Moody's upgrades Apple to Aaa; outlook stable

21 Dec 2021

New York, December 21, 2021 -- Moody's Investors Service ("Moody's") upgraded Apple Inc.'s ("Apple") senior unsecured rating to Aaa, from Aa1, and affirmed its Prime-1 rating for commercial paper. The ratings outlook is stable.

Upgrades:

..Issuer: Apple Inc.

....Senior Unsecured Medium-Term Note Program, Upgraded to (P)Aaa from (P)Aa1

....Senior Unsecured Regular Bond/Debenture, Upgraded to Aaa from Aa1

Affirmations:

..Issuer: Apple Inc.

....Senior Unsecured Commercial Paper , Affirmed P-1

Outlook Actions:

..Issuer: Apple Inc.

....Outlook, Remains Stable

RATINGS RATIONALE

Moody's analyst Raj Joshi said, "The upgrade of Apple's rating to Aaa reflects the company's exceptional liquidity, robust earnings that we expect will continue to grow over the next 2 to 3 years, and its very strong business profile. Apple's ecosystem of products and services provides enhanced revenue visibility over time despite some level of volatility that is inherent in its business from product introduction cycles." Governance considerations, specifically, Apple's financial policy of transitioning into a net cash neutral position "over time" and its capital allocations since US tax reform, further support our expectation that the company will maintain an exceptionally strong liquidity profile over the next 3 to 5 years. The Aaa rating considers the strength of Apple's business and financial profile relative to other very highly rated issuers. Moody's believes that Apple has substantial financial flexibility to manage its business risks, including growing regulatory uncertainties, make investments in new growth opportunities, and balance shareholder returns.

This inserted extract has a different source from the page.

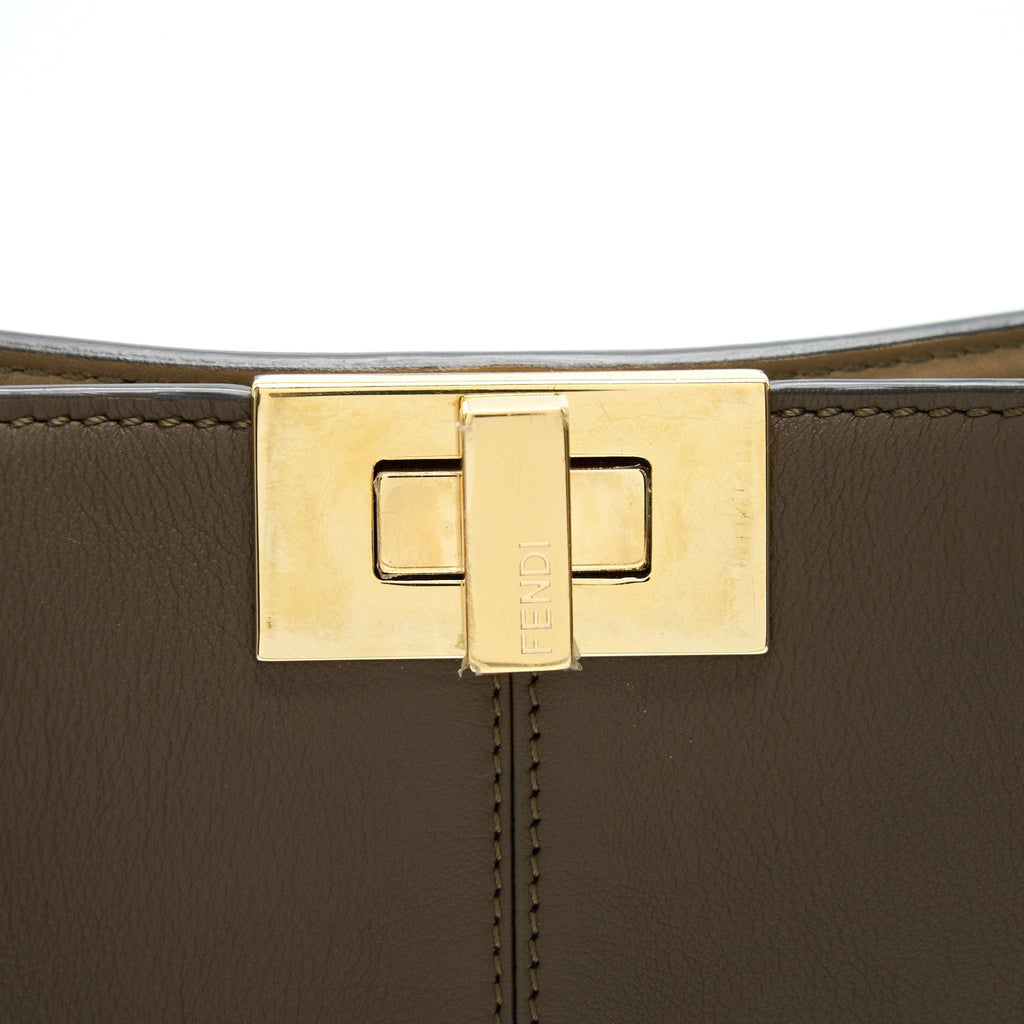 fendi-peekaboo-x-lite-medium-brown-with-an-extra-shoulder-strap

Apple's very strong business profile reflects its substantial operating scale, a large installed base of products and users of its services, strong customer loyalty, and premium brand positioning that drives its industry-leading profitability across product categories. The company's broad portfolio of products and services, solid track record of innovation and execution, and significant opportunity to monetize its installed base of over 1 billion of active iPhones support our expectations for long-term earnings growth. Apple benefitted from strong demand for its products and services in the fiscal year ended September 2021. Operating income grew 64% in FY '21 with growth in all Products and Services categories and in all reportable geographic regions. Moody's expects operating income growth to average mid-single digits over the next 12 to 24 months, driven by growth in Services, Wearables and iPhone categories. Although revenue diversity continues to improve over time, overall revenue growth and profitability still depend upon the sales of iPhones to a large degree. Moody's expects that a mix shift toward higher-value 5G smartphones and sustained growth in higher margin Services will support strong profitability and annual free cash flow of $80 billion to $90 billion (over 50% of total Moody's adjusted debt) over the next 12 to 24 months. Apple's $173 billion of unrestricted cash balances and free cash flow result in an unmatched liquidity profile with substantial financial flexibility.

Apple has a strong track record of generating growth from new categories targeting large addressable markets and leveraging its large installed base and core strengths in innovation, design, and integration of hardware, software and services. Apple is increasingly differentiating its hardware products through its internally designed processors, which will preserve or grow profitability despite intense competition in product categories.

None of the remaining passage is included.